Have you ever felt ashamed about something you’ve eaten, so much so that you eat it in secret and don’t tell anyone else about it because you’re afraid of judgment?
This used to be part of my everyday life, and yet at the time I never considered that it was something other people experienced. It’s a catch-22. You’re ashamed of eating something, or eating a certain way, so you don’t talk about it and never get a chance to hear someone else share anything similar. That makes you feel even more isolated and ashamed and even less likely to talk about it.
But the sad truth is that many, many people have these feelings. Sometimes it’s how or how much we eat. Other times it’s related to categories of foods, like things with lots of fat or sugar or carbohydrates, but these days it can be just as likely to come up in relation to how the food is raised or made, such as organic vs. conventional practices. All of it can have judgment associated with it, and that’s where the shame comes in.
Yet despite this, it’s still far more common to feel alone and isolated, to think, “If other people knew how or what I ate, they would lose all respect for me.”
It took me a long, long time to learn how to let go of this feeling, because as with all types of shame, it’s counter-intuitive. Our instinct is to hide, but what we really need in order to heal and recover from that sense of stigma is to bring those secrets into the open, air them out, and own them.
Not that this is easy. I remember how worried I was to tell my high school best friend that twenty-five years ago, I snuck food when I was at her house, goodies I couldn’t get at home. I no longer worried about losing her friendship as a result, but I did worry a bit what she would think.
This is when the magic can happen, when instead of condemnation you may find compassion. My friend did not turn away or shun me for my revelation, only said how sorry she was that I had felt the need to sneak food to begin with, and sad to hear that I hadn’t been able to tell her about it then.
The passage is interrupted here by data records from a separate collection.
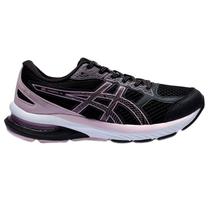 Calzado Runnig Fem Gel-Nagoya Asics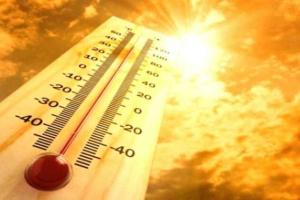 Heatwave Alert: DOE ਨੇ ਜਾਰੀ ਕੀਤੇ ਸਕੂਲਾਂ ਲਈ ਜ਼ਰੂਰੀ ਦਿਸ਼ਾ-ਨਿਰਦੇਸ਼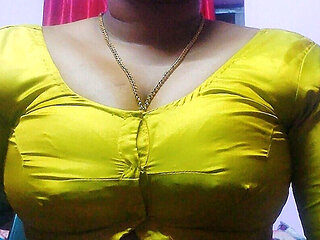 Desi Bhabhi Ki Chudai Indian Hot Sex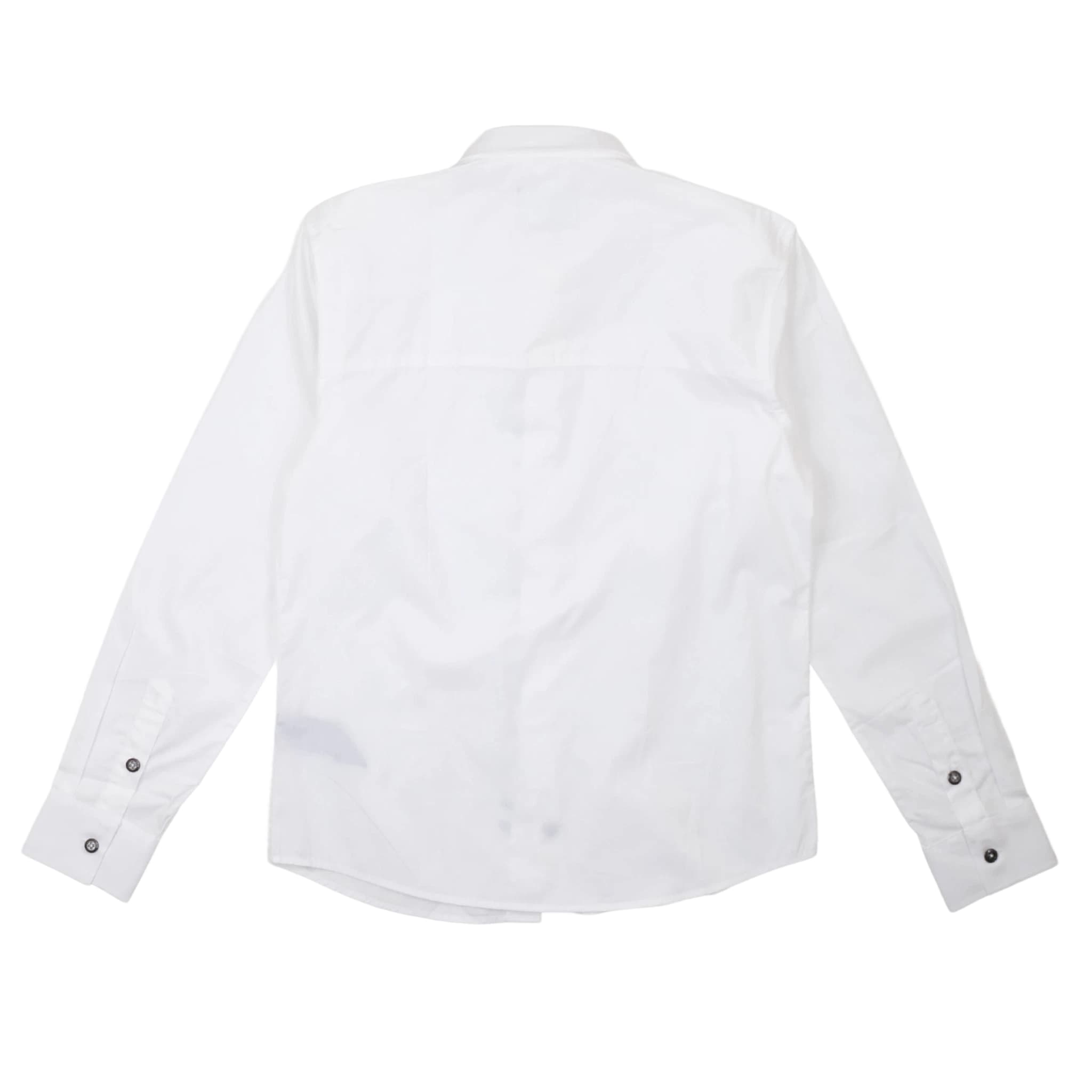 Camicie - john richmond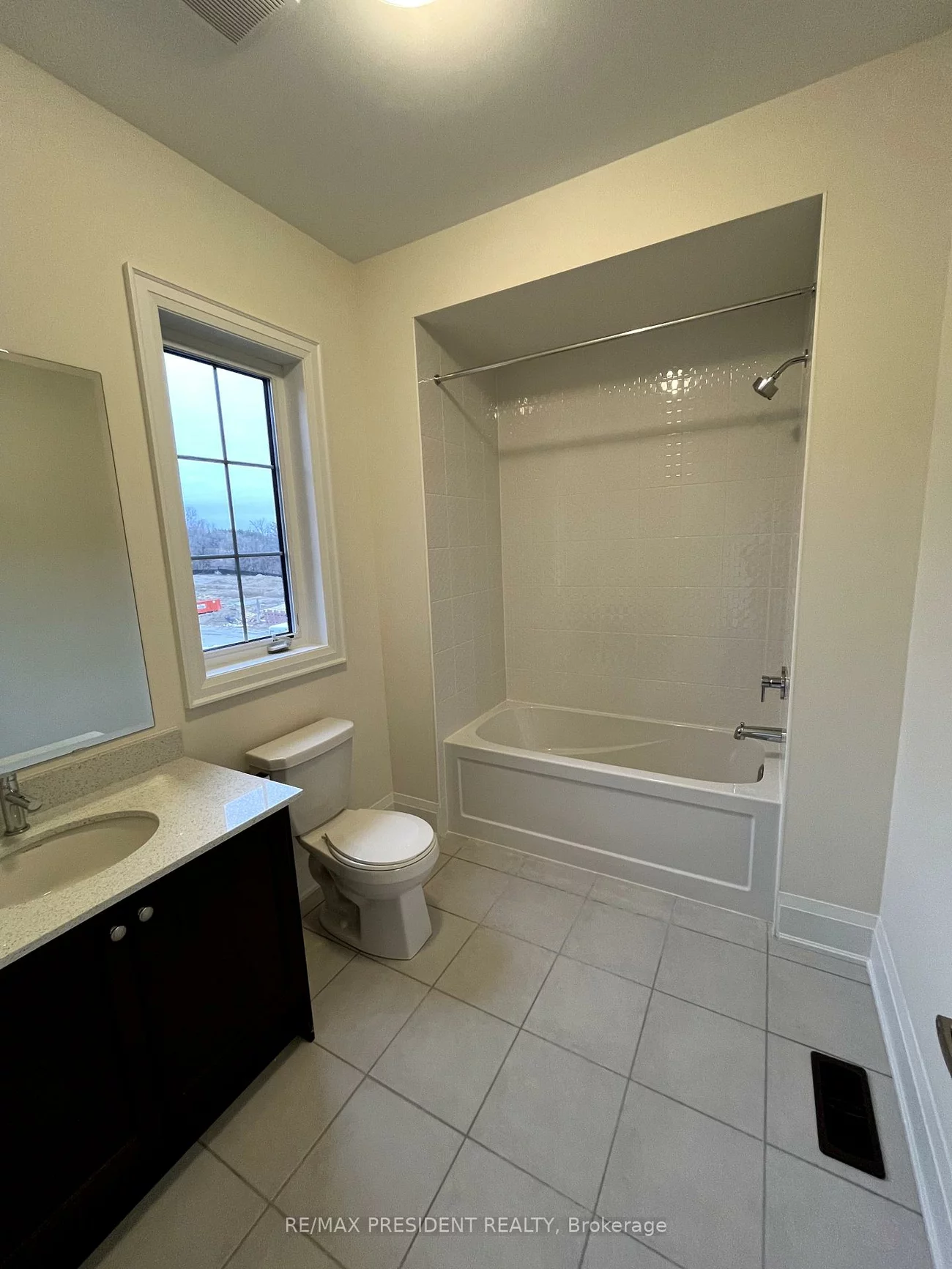 130, Wraggs, Bond Head, Bradford West Gwillimbury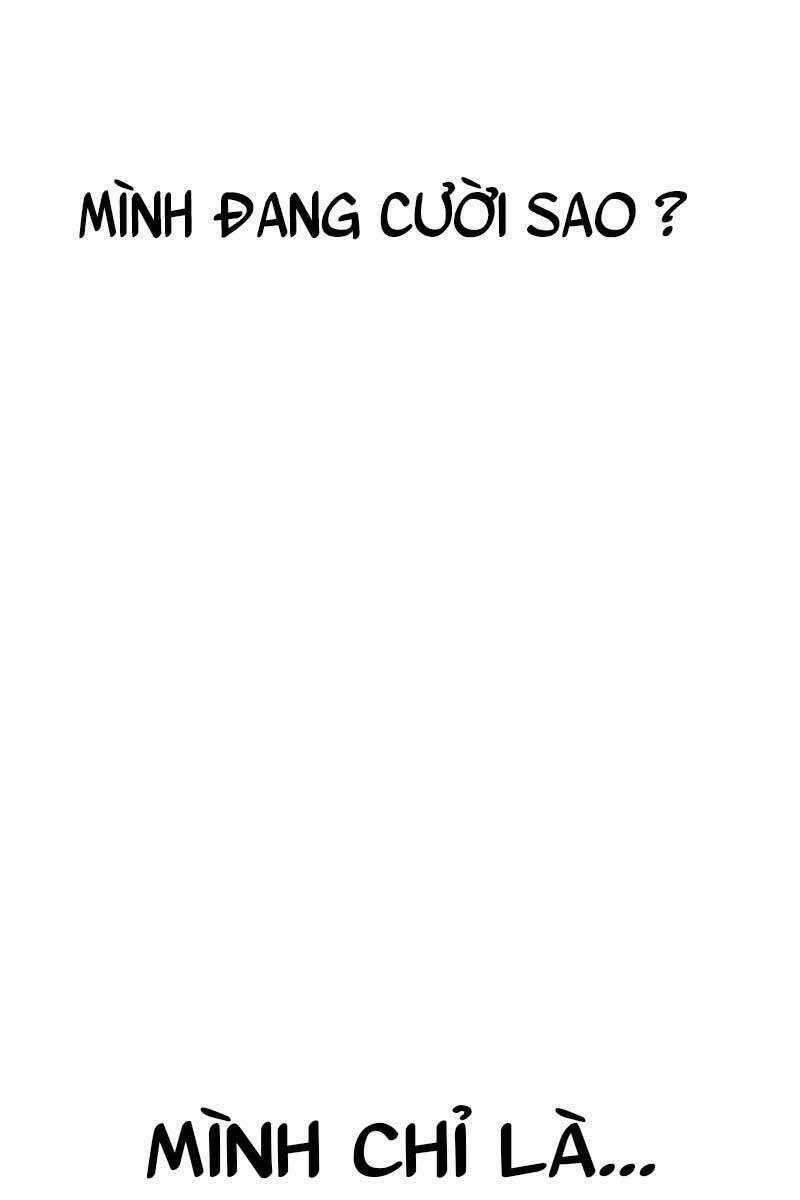 Ta Từng Là Tháp Vương 2.5 trang 8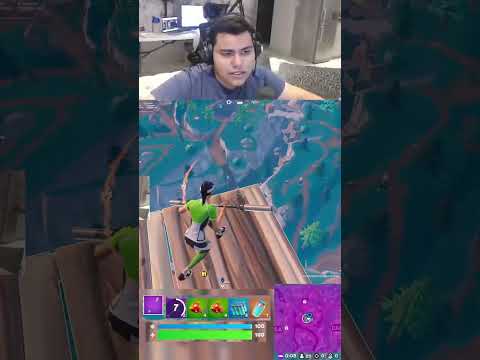 COMO PASAR A FINALES DE LA SOLO CASH CUP SIN ARMAS!!! 😱🔫❌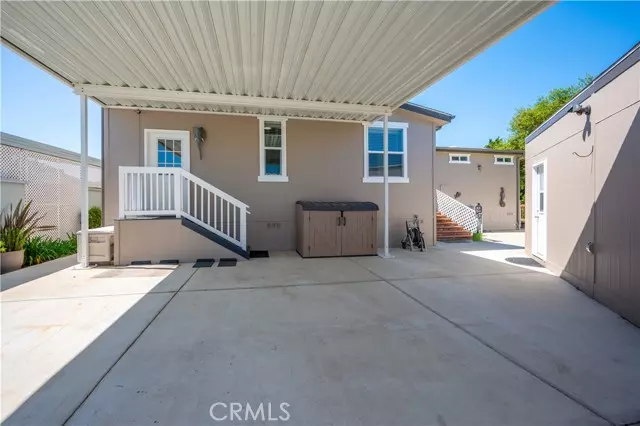 320 Longden, Arroyo Grande, CA 93420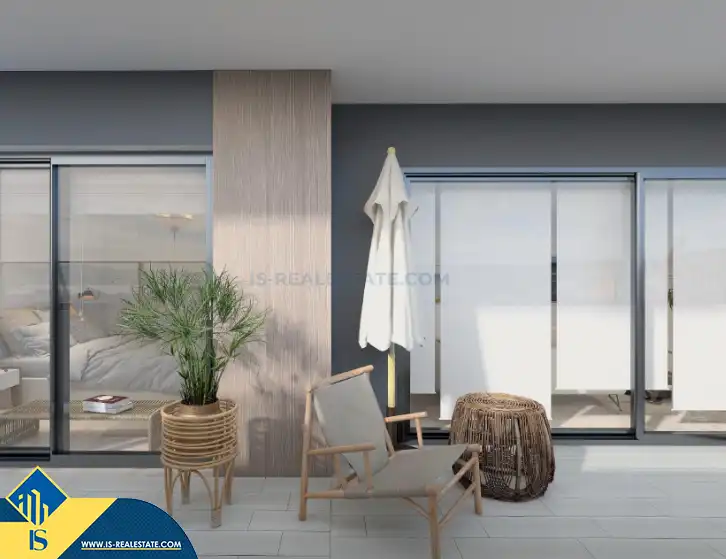 Apartamento con ascensor en venta en Playa del Cura, imagen 13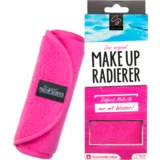 MAKE UP RADIERER originalni ručnik - pink eko izdanje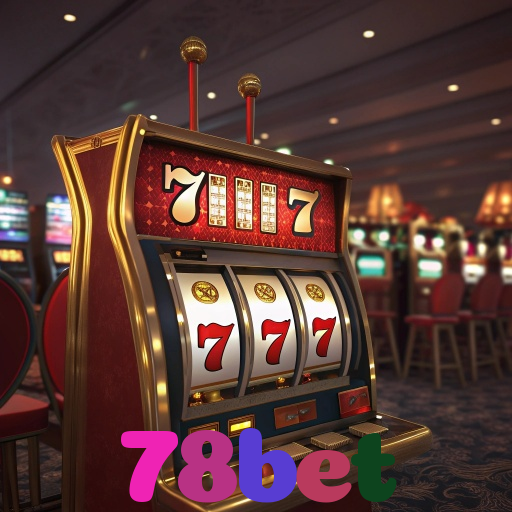 78bet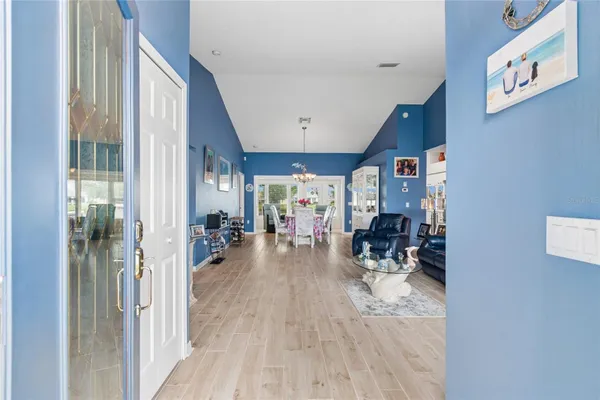 Property Slideshow image 3 of 24 | 12133 arron ter, Trinity, FL, 34655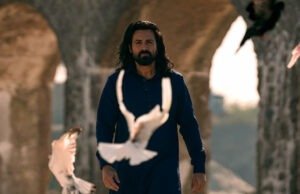 Awarapan 2 Box Office Collection Day 2: Emraan Hashmi Film Witnesses Massive Growth on Saturday
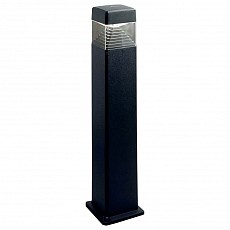 Наземный низкий светильник Fumagalli Ester DS1.564.000.AXD1L, фото 1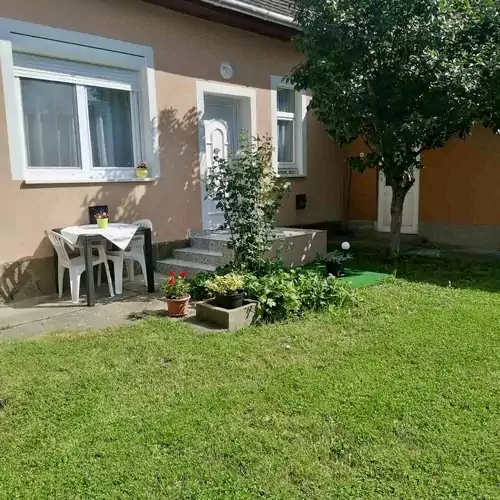 Borika Residence Apartman Mezőkövesd 008 kép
It was such a relief to have that out, as well as other food behaviors I thought were abnormal. By refusing to hide them anymore, they lost their hold on me and became possible to let go.
So while our society promotes judgment, it is not a given, and we can all do our best to be gentle with those who share such details, as well as with ourselves. My hope is that if we start talking more openly about how and why we eat, we will find that we are not as alone as we feared, and we can make shame around our food and eating choices a thing of the past.